Transcrição da entrevista difundida no passado dia 8 de Outubro pela KTO:
Bom
dia.
Bom
dia a si e a todos os telespectadores da KTO. Saúdo-os com prazer
porque também sou um espectador das emissões da KTO, de que gosto
muito.
Obrigado
por nos conceder este tempo, nestes dias que são tão cheios. É
Patriarca de Lisboa, desde 2013, e presidente da Conferência
Episcopal de Portugal, igualmente há dois anos, e participou, no ano
passado, na primeira sessão do Sínodo Extraordinário. E eis que
está nesta segunda sessão do Sínodo dos Bispos.
O
Papa lembrou que não se tratava de uma assembleia parlamentar ou de
uma sessão de um partido político. Isto quer dizer que não estão
à procura de encontrar uma maioria?
Não
é tanto isso. Porque a maioria de fundo já a temos. Somos todos
cristãos e Bispos também, com a obrigação de manter e desenvolver
o que podemos da tradição da Igreja que não começou connosco.

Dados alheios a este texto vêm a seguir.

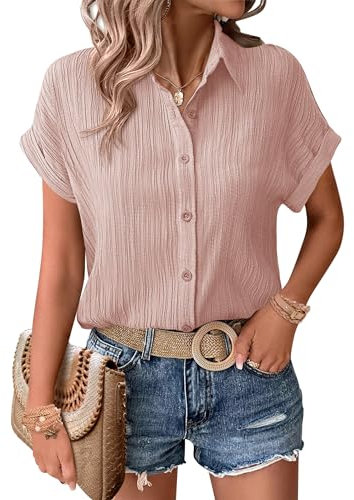 Zeagoo Hemdbluse Damen Kurzarm Bluse Elegant V Ausschnitt Hemd Sommer Blusen Leicht Sommerblusen Button Down Hellrosa S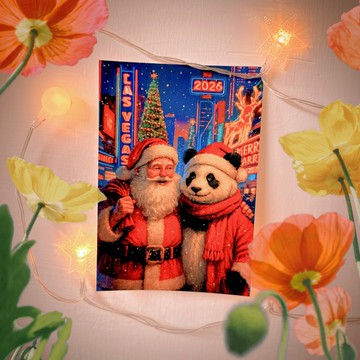 Daily Christmas Las Vegas 溫暖油畫風聖誕老公公&貓熊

Começou, há dois mil anos, com Jesus, que é o primeiro. E agora
nós, como Bispos, sucessores dos apóstolos, temos esta missão de
manter positivamente a tradição da Igreja e de lhe sermos fiéis.

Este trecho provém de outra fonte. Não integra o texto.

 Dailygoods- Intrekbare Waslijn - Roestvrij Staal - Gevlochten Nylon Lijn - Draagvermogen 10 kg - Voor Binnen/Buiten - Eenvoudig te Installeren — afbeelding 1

Não é qualquer coisa que podemos escolher mas que devemos manter,
manter neste tempo, com os problemas deste tempo, porque acreditamos
todos que o que Cristo fez, o que Cristo indicou, serve para hoje
como servia para aquele tempo. Por isso, devo procurar manter,
apresentar, desenvolver, a tradição da Igreja e do Evangelho para
este tempo.
Há
diferenças de abordagem que são normais. Mas como é que se faz
quando não se está verdadeiramente de acordo com quem está sentado
ao nosso lado, para manter o que na Igreja se chama a ‘comunhão’?
Volto
sempre ao principio. Volto sempre a Cristo, aos Evangelhos, à
mensagem do Novo Testamento para ver como esta mensagem se pode
reflectir nos problemas de hoje. Chegamos sempre lá. Falando, vendo
melhor, as perspectivas que cada um tem e transporta também com a
sua experiência.
Quer
dizer que podemos ser contrários nas questões, sem sermos inimigos?
Como
dentro de uma família. Estamos, ficamos e continuamos... como uma
família.
A
família é, precisamente, o objectivo dos vossos trabalhos. Tema
central da vida da Igreja, é um tema que lhe é muito caro.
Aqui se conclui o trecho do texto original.